Fraction Pairs: Definitions of Strategies
This resource will assist teachers in developing their understanding in relation to the types of strategies that students use to demonstrate their fraction understanding, for example residual thinking.
- Benchmarking
- Residual Thinking
- Residual Thinking with equivalence
- Residual Thinking with some other proof
- Gap Thinking
- “Higher” or “larger” numbers
- Other (satisfactory explanation with a correct solution)
- Other (unsatisfactory explanation with either a correct or incorrect explanation)
Benchmarking
Correct benchmarking is evidence that a student understands the relative size of fractions. It is also useful for comparing decimals.
When benchmarking, a student will compare a fraction to another well known fraction, usually a half, or to a whole number such as zero or one.
For example, when comparing 5/8 and 3/7; 5/8 is greater than a half, and 3/7 is less than a half, therefore 5/8 is bigger.
Residual Thinking
The term residual refers to the amount which is required to build up to the whole. For example 5/6 has a residual of 1/6.
This thinking is useful for comparing the size of fractions such as 5/6 and 7/8. 5/6 has a residual of 1/6 and 7/8 has a residual of 1/8. Therefore 7/8 is a larger fraction because it has the smaller residual – the smaller amount to make the whole.
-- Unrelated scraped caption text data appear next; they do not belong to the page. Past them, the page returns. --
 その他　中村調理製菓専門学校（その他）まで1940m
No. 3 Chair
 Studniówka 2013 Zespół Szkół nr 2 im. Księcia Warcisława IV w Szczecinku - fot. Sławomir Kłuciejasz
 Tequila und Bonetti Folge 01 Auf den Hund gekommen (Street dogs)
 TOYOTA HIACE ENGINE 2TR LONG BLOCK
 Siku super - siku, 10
Sometimes, however, residual thinking alone is not an efficient strategy. When comparing 3/7 & 5/8, measuring up the residuals of 4/7 & 3/8 is not a helpful strategy as you are left with two residuals that are no easier to compare than the original pair. In this case, the residuals then need to be benchmarked to 1/2 and 1 to prove which is larger. If students use residual thinking alone with this pair, it should be classified as an unsatisfactory explanation.
Residual Thinking with equivalence
In order to use residual thinking effectively, creating an equivalent residual sometimes makes the justification clearer. For example, when comparing 3/4 and 7/9 a student may state that 3/4 has a residual of 1/4 or 2/8. Therefore the residual for 7/9 (2/9) is smaller than the residual for 3/4 (2/8). The fraction with the smaller residual is the larger fraction.
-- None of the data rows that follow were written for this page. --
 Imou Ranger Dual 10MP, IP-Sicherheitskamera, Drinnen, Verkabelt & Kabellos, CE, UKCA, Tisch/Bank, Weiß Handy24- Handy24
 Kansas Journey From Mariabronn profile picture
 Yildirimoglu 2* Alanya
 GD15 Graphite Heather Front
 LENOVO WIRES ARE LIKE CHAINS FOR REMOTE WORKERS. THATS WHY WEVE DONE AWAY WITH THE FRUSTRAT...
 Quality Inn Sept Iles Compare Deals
Residual Thinking with some other proof
Sometimes residual thinking alone is not the most appropriate strategy. For example if a student uses residual thinking alone to compare 3/4 and 7/9, they must then convince the interviewer that they can justify which of the residuals is bigger (1/4 or 2/9).
An example of residual with proof might be, “I know one quarter of nine is more than 2 because 2 is a quarter of eight, so 2/9 must be less than 1/4 therefore 7/9 is the bigger fraction”.
Please note: an explanation of residual thinking without proof, should be recorded as “other (unsatisfactory explanation for either a correct or incorrect solution)”.
Gap Thinking
This strategy is a form of whole number thinking, where the student compares the whole number difference between the numerator and denominator.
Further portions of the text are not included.